Purpose: To assess fibrinogen, lipids and lipoprotein composition and the relationship between fibrinogen and lipoprotein abnormalities and urinary albumin excretion (UAER) in type 2 diabetic patients.
Study Design: 48 control persons (24 male, 24 female), 96 diabetic patients (48 male: 24 normoalbuminuric, 24 microalbuminuric, 48 female: 24 normoalbuminuric, 24 microalbuminuric). They were divided into 9 groups. All groups were matched for age, sex, BMI. The diabetic patients were matched with the duration of diabetes. Diabetic patients were classified according to their level of urinary albumin excretion rate (UAER) into normoalbuminuric (<20 μg/min), microalbuminuric (20-200 μg/min). Diabetic patients with other complications were excluded.

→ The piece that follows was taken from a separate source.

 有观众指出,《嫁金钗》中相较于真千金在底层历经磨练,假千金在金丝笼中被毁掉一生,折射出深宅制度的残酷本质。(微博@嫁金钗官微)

Materials and Methods: Blood and urine samples were collected from the diabetic patients and non-diabetic healthy controls. Glucose, HbA1C, Hb, creatinine, fibrinogen, urinary albumin excretion rate, cholesterol, HDL-C, LDL-C, VLDL-C, Ch/HDL-C, HDL-C/LDL-C, LDL- C/HDL-C, triacylglycerol and phosphlipids were determined.
Results and Discussion: A significant elevation of glucose, HbA1C, fibrinogen, urinary albumin excretion rate, cholesterol, LDL-C, VLDL-C, Ch/HDL-C HDL-C/LDL-C, LDL-C/HDL-C, triacylglycerol and phosphlipids and a significant decrease in HDL-C were obsereved in the diabetic groups in comparison with control group and the same was found for microalbuminuric vs normoalbuminuric diabetic groups.
Conclusion: Albuminuria is the best predictor of fibrinogen plasma levels in type 2 diabetic patients. Plasma fibrinogen level is increased in type 2 normoalbuminuric diabetic patients (without detectable micro- and macrovascular complications), which indicate that hyperfibrinogenemia may precede the onset of clinical vascular complications and might therefore contribute to the increased cardiovascular risk in type 2 diabetes.